For his moment of madness, Zidane will forever be, pardon the pun, the butt of jokes and his place in football’s hierarchy will forever be scrutinized with the Materazzi caveat.

Football’s Stairway to Heaven reads like a Highway to Hell. Those players eulogized by lovers of the fine football can often be the games biggest sinners.

Maradona, Cantona, Zidane- the greatest of the great all burdened with a capacity to implode in ways that very few footballers can. This trend extends beyond the round-ball. In our own indigenous game, players like Tony Lockett, Dermott Brereton, Gary Ablett and even the great Leigh Matthews are guilty of on-field acts that perplex us all. Throw John McEnroe into the mix if you like.

Zidane, and indeed many of these people, are not evil.

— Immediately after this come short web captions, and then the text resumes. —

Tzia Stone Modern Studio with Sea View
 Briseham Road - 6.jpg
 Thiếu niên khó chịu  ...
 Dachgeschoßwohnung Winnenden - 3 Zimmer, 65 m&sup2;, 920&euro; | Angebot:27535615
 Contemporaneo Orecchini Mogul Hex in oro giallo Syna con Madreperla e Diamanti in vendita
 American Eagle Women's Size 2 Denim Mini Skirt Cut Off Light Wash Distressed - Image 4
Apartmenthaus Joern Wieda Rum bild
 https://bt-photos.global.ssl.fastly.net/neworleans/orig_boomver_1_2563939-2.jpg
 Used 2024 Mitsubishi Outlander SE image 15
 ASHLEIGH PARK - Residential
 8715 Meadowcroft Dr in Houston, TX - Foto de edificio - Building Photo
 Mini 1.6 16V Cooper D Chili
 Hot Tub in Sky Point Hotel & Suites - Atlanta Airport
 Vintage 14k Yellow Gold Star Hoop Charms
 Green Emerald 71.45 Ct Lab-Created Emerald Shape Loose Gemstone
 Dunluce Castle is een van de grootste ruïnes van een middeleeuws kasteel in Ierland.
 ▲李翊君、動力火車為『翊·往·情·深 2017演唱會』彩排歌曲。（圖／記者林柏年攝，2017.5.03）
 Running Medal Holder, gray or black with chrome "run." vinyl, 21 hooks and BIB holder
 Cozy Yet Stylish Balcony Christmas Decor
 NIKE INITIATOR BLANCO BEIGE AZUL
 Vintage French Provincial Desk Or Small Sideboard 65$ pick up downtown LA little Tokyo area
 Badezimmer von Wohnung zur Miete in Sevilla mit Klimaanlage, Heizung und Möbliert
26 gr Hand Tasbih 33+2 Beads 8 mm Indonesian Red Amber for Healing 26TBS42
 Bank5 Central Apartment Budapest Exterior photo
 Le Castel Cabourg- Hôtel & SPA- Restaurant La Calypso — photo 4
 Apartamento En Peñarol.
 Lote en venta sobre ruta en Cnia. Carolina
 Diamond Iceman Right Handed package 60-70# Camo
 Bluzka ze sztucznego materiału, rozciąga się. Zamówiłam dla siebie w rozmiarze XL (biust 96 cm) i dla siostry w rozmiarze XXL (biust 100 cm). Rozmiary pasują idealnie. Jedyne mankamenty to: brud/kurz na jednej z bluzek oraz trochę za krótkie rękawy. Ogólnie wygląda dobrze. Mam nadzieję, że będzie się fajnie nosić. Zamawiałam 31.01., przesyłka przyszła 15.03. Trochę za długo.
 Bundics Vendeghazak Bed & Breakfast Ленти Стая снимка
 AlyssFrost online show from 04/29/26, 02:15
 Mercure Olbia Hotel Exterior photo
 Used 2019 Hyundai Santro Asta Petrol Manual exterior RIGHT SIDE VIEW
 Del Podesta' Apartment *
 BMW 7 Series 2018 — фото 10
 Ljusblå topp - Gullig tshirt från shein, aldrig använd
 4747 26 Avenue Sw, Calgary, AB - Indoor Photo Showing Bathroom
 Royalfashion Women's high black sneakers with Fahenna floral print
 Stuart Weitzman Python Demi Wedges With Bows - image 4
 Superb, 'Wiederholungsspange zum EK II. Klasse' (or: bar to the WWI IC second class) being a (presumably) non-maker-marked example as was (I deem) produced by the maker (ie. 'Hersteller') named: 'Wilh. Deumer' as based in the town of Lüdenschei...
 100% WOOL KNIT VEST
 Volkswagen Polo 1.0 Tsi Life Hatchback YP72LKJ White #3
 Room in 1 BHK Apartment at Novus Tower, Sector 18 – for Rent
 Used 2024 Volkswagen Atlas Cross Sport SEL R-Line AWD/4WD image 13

The almost suffocating protection afforded Zidane indicates a man garnering universal admiration and respect.

From the French President Jacques Chirac to national coach Raymond Domenech to the team-mates Zidane let-down, each to a man won’t hear a word against the captain.

Equally, the hallowed halls of Manchester United call Eric Cantona their greatest ever. When it’s most successful ever manager Sir Alex Ferguson speaks of Cantona, he does so with an awed reverence reserved for those long dead. This for a man who once scaled a fence to karate-kick a fan.

Although the extreme acts of the Zidanes and the Cantonas of this world can never be justified, they can be rationalized.

Each player has a strong sense of justice. This sense of justice drives them. The results can often be misguided and violent but it’s the poison that comes with the chalice they carry on behalf of their own pride, their team and even their people.

They won’t let those they consider beneath them get away with actions that belittle them.

Only Zidane and Materazzi truly know what precipitated the Raging Bull. The footage clearly shows Zidane reacting to a Materazzi comment. The exchanges may never be known, but it was enough for Zidane to jeopardize a reputation made over 15 years to strike the blow he thought he needed to get even.

This suggests a level of goading from the Italian that went beyond a sporting contest. It went to the heart of Zidane’s values as a person and he felt compelled to act. To get even. To show Materazzi that he will not be spoken down to.

By reacting the way he did, the irony is that Zidane did himself, his team and his nation a gross disservice.

His reaction though does not make him a bad person. It shows him as a person burdened with the weight of a nation but unable to defend himself from the taunts of another by turning the other cheek.

He wanted justice and he pursued it- to his ultimate detriment.